Acacia kelleri is a species of flowering plant in the family Fabaceae and is endemic to a small area in the north-west of Australia. It is a shrub or tree with linear or very narrowly lance-shaped phyllodes, spikes of dense, deep yellow flowers and leathery, glabrous pods, appearing somewhat like a string of beads.

==Description==
Acacia kelleri is a shrub or tree that typically grows to a height of up to 7 m with fissured grey bark, weeping branches and terete, light brown branchlets covered with soft hairs. Its phyllodes are crowded, erect, linear or very narrowly lance-shaped, 10–25 mm long, 0.7–2.5 mm wide and straight or slightly curved. There is a slightly off-centre midvein and a gland 2–4 mm above the pulvinus. The flowers are borne in spikes 13–45 mm long with dense, deep yellow flowers. Flowering occurs from March to August, and the pods are more or less terete, up to about 110 mm long, 3–5 mm wide, glabrous and leathery, appearing somewhat like a string of beads. The seeds are 4.5–6 mm long, shiny dark brown to black with an aril on the end.

==Taxonomy==
Acacia kelleri was first formally described in 1892 by the Ferdinand von Mueller in Proceedings of the Linnean Society of New South Wales from specimens collected near the Durack River by Joseph Bradshaw.
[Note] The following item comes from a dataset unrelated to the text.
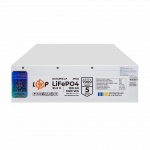 Акумулятор LogicPower LP LiFePO4 51.2V 100 Ah 5120Wh BMS JK 100A/50А RM RS485/CAN WH - Зображення 6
The specific epithet (kelleri) honours Heinrich Keller (1826–1890) of Darmstadt, "one of the leading promoters or rural culture during the latter half of this century through many parts of the world". After its discovery, several specimens of the plant were sent by the director of the botanical garden in Melbourne to its namesake in Darmstadt in 1892.

==Distribution and habitat==
This wattle is usually associated with sandstone, often on escarpments or ridges in the Central Kimberley, Northern Kimberley and Victoria Bonaparte bioregions of north-western of Western Australia and in a small area west of the Victoria River in the far north-west of the Northern Territory.

==Conservation status==
Acacia kelleri is listed as 'not threatened' by the Government of Western Australia Department of Parks and Wildlife, but as 'near threatened' under the Northern Territory Government Territory Parks and Wildlife Conservation Act.